> PROBLEM REQUIREMENTS: Omit the images. Reproduce each line of the records exactly as it appears.

> DATA FOR REVIEW:
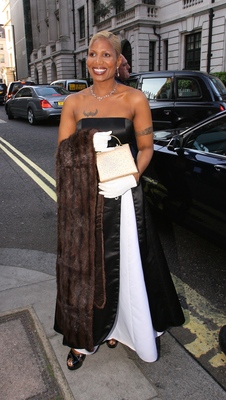 Denise Welch Poster 2753790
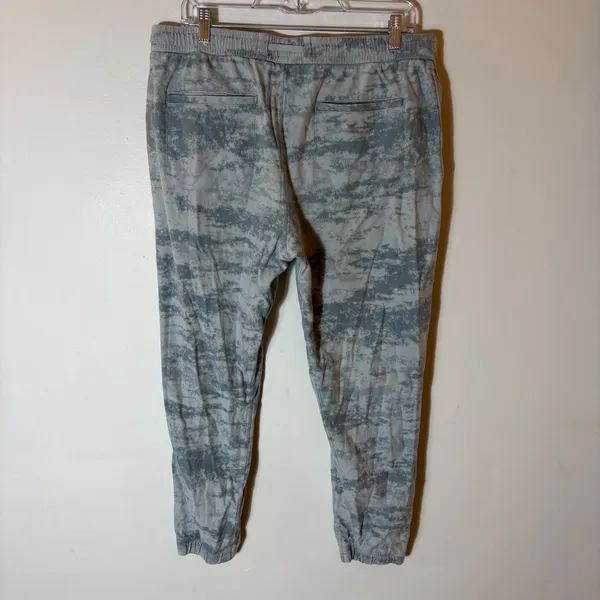 Athleta Farallon Camo Print Joggers Size‎ Large - Image 5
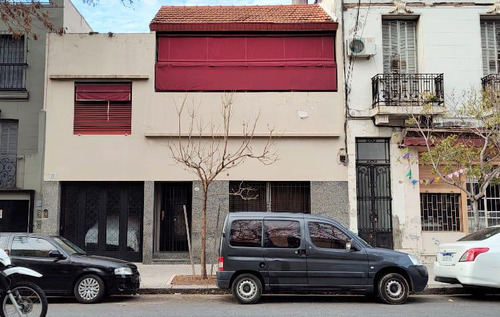 Comodisima Casa Con Garage En Chacarita, Cerca De Todo.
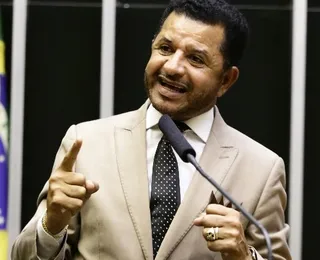 Justiça condena assessora que exigiu R$ 180 mil de ex-deputado baiano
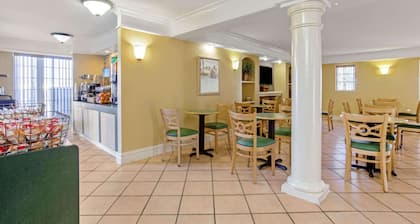 La Quinta Inn by Wyndham Tampa Bay Pinellas Park Clearwater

> EXERCISE RESPONSE:
 Denise Welch Poster 2753790
 Athleta Farallon Camo Print Joggers Size‎ Large - Image 5
 Comodisima Casa Con Garage En Chacarita, Cerca De Todo.
 Justiça condena assessora que exigiu R$ 180 mil de ex-deputado baiano
 La Quinta Inn by Wyndham Tampa Bay Pinellas Park Clearwater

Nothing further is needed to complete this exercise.